もちろん、声をかけられたからといって、ほいほい付いていくわけではありません。私は「いい目をしているかどうか」、そして「会話が面白いかどうか」で判断しました。いい目をしている人は邪心がなく、話して楽しい人は頭がいいのです。
ヨルダンで出会った遊牧民ベドウィンの男性ガイドとはとても気が合いました。しかもTOKIOの長瀬智也さんに似たイケメンです。そこで「一緒に日本に来ない?」と誘ったら、「ぼくはベドウィンだから、砂漠のないところではベッドインできないよ」と、洒落の利いたセリフで断られてしまいました。
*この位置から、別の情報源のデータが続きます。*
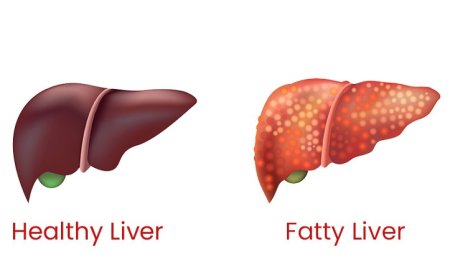Fatty Liver Reversal: फैटी लिवर के साइलेंट लक्षणों को न करें नजरअंदाज, 14 दिनों की डाइट से ऐसे करें रिवर्स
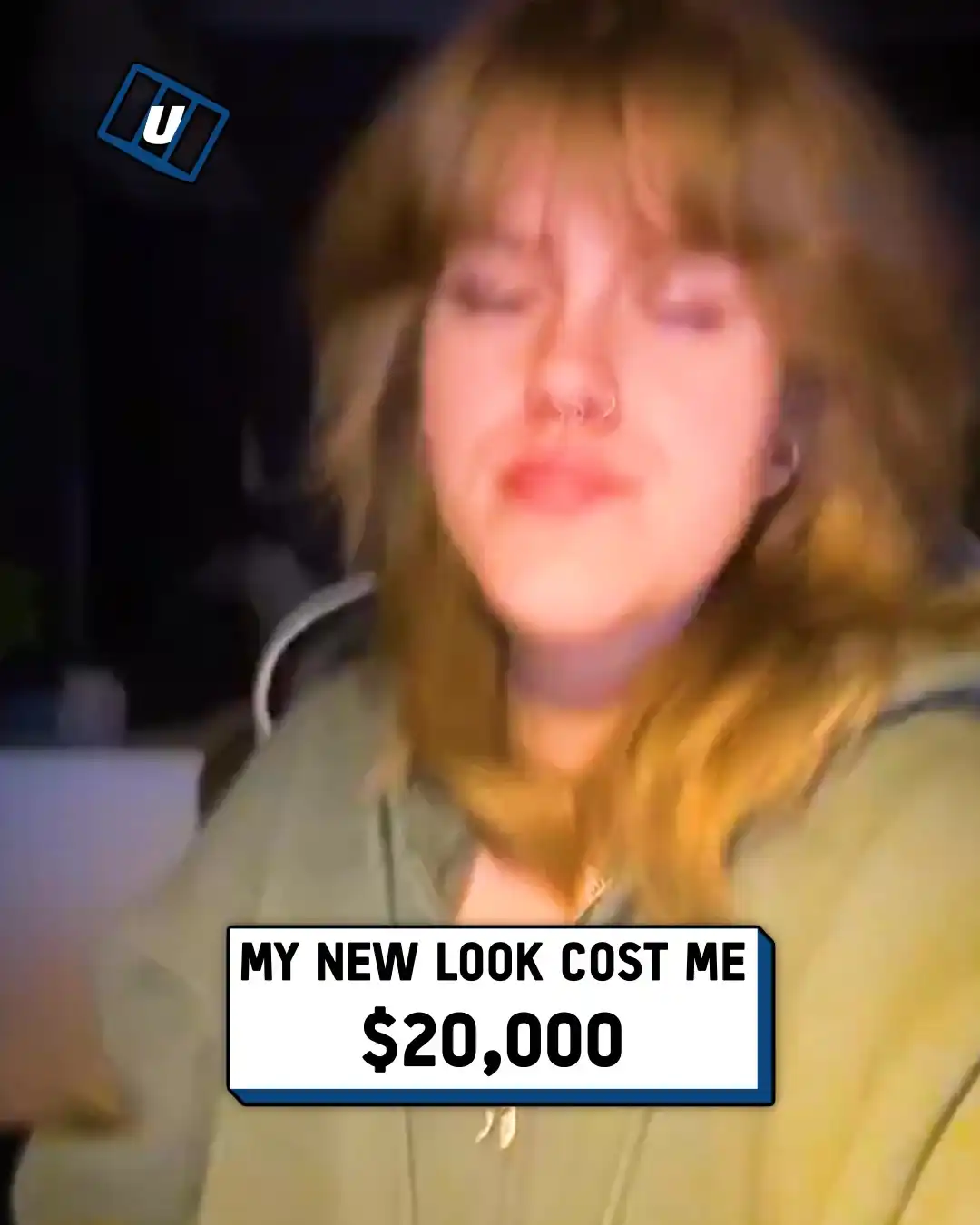 Doctors had to break my jaw 😬🤯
ラトビアで仲良くなった英国人の男性が、日本まで訪ねてきてくれたこともあります。ただ、私はもう働き始めており、リーマンショックの直後というタイミングの悪さもあって超多忙。そのため、ほとんど会えないまま、「君はtoo busyだ」という言葉を残して彼は帰国してしまいました。
そんな旅の経験を話題にすることがビジネスでも役に立つとわかったのは、転職先の企業再生ファンドから福岡県のラジオ局「クロスFM」へ派遣されてからのことです。
クロスFMに社長室長として赴任したのは12年。その後、社長に就任して経営再建に当たるのですが、そもそも茨城県生まれの私は福岡にはまったく縁がありません。現地に溶け込み人脈をつくるうえで、非常に役立ったのが「世界一周ダンナ探し旅」の話です。